** Problem to solve **
Repeat the lines from the one containing "Peacock Cross Stitch" through the last line of the data, exactly, pictures omitted.

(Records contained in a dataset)

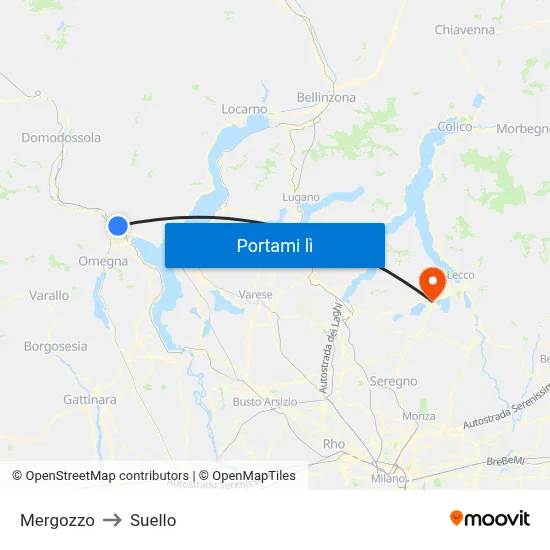 Mergozzo to Suello map
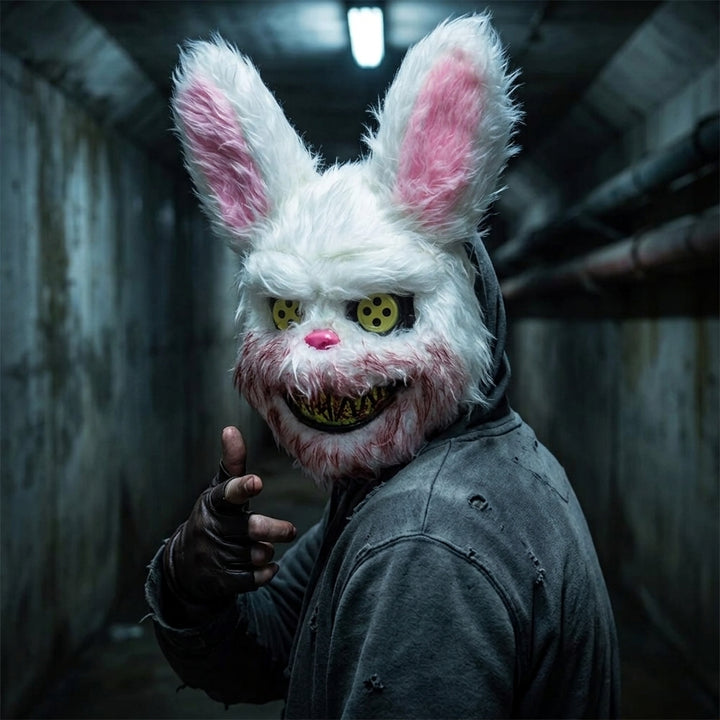 Masque Halloween Lapin en Peluche effrayant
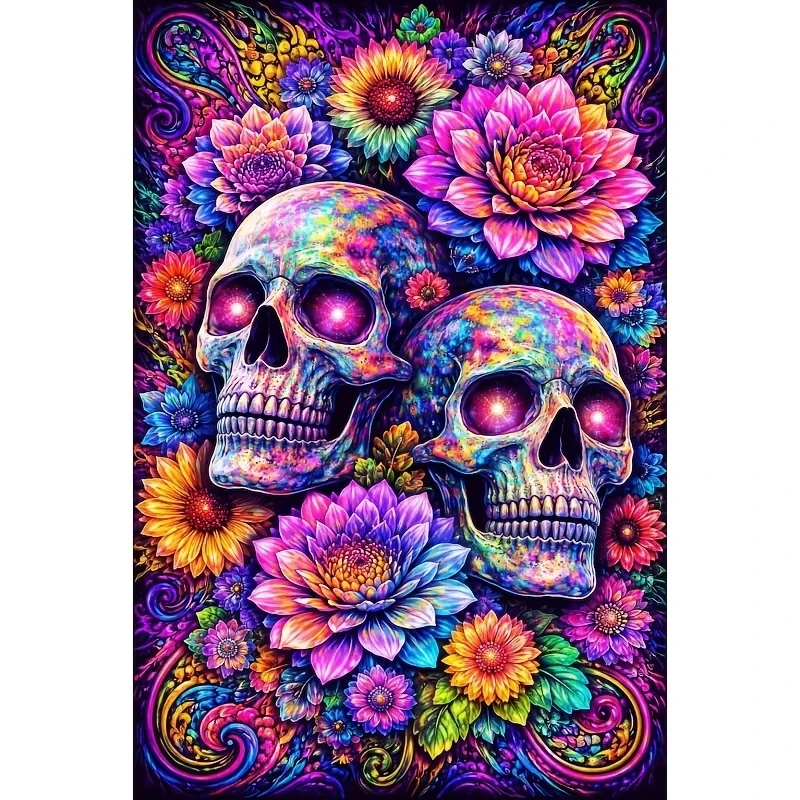 Oil Painting By Number Handmade DIY Sugar Skulls Bright Colorful Floral Canvas Art Wall Decor for Living Room Gift Frameless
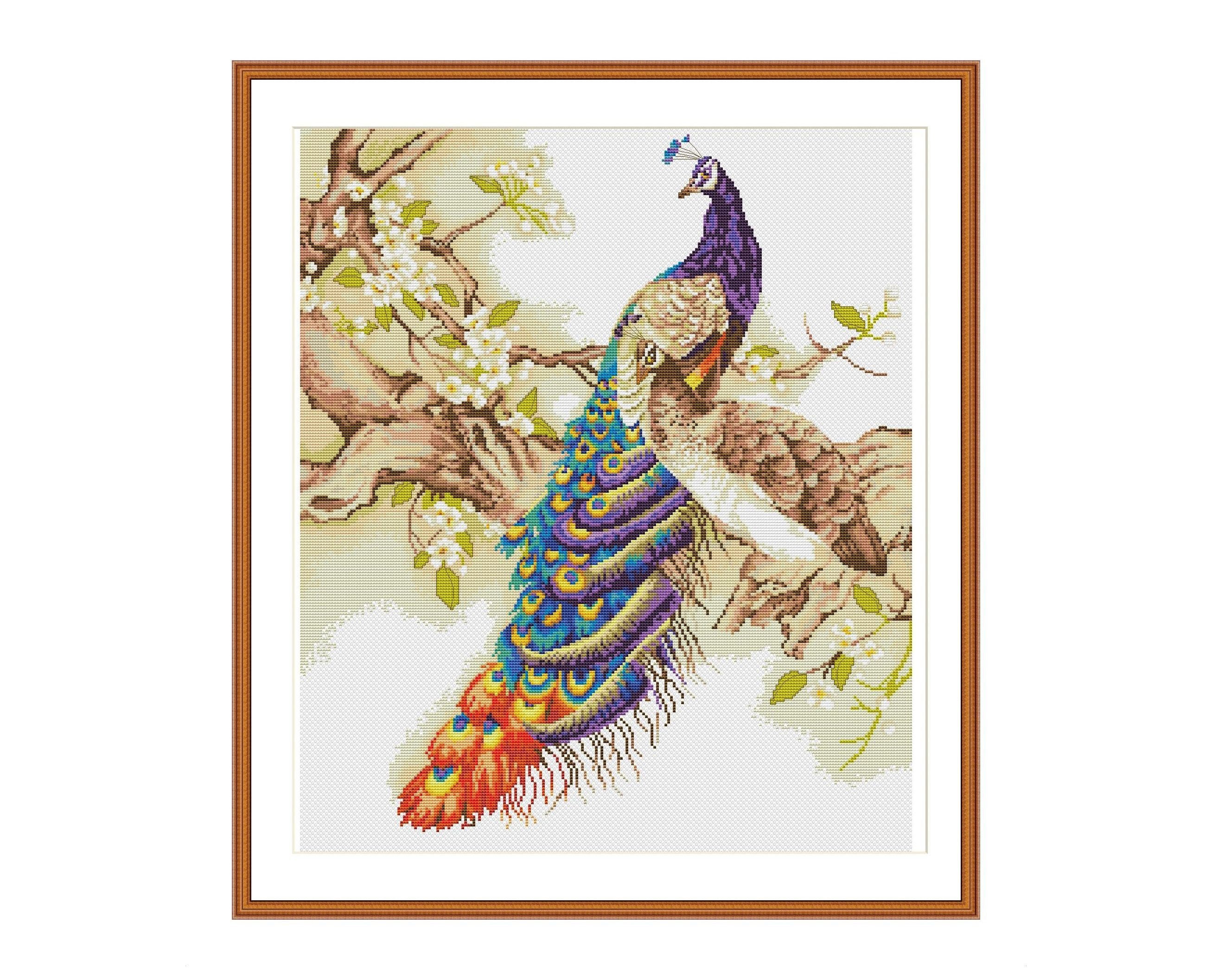 Peacock Cross Stitch Pattern Birds on Branch Tree Digital Etsy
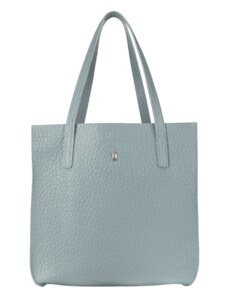 Veľká nákupná kožená kabelka do ruky jemne modrá Wojewodzic 31862/FR36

** Response to this task **
 Peacock Cross Stitch Pattern Birds on Branch Tree Digital Etsy
 Veľká nákupná kožená kabelka do ruky jemne modrá Wojewodzic 31862/FR36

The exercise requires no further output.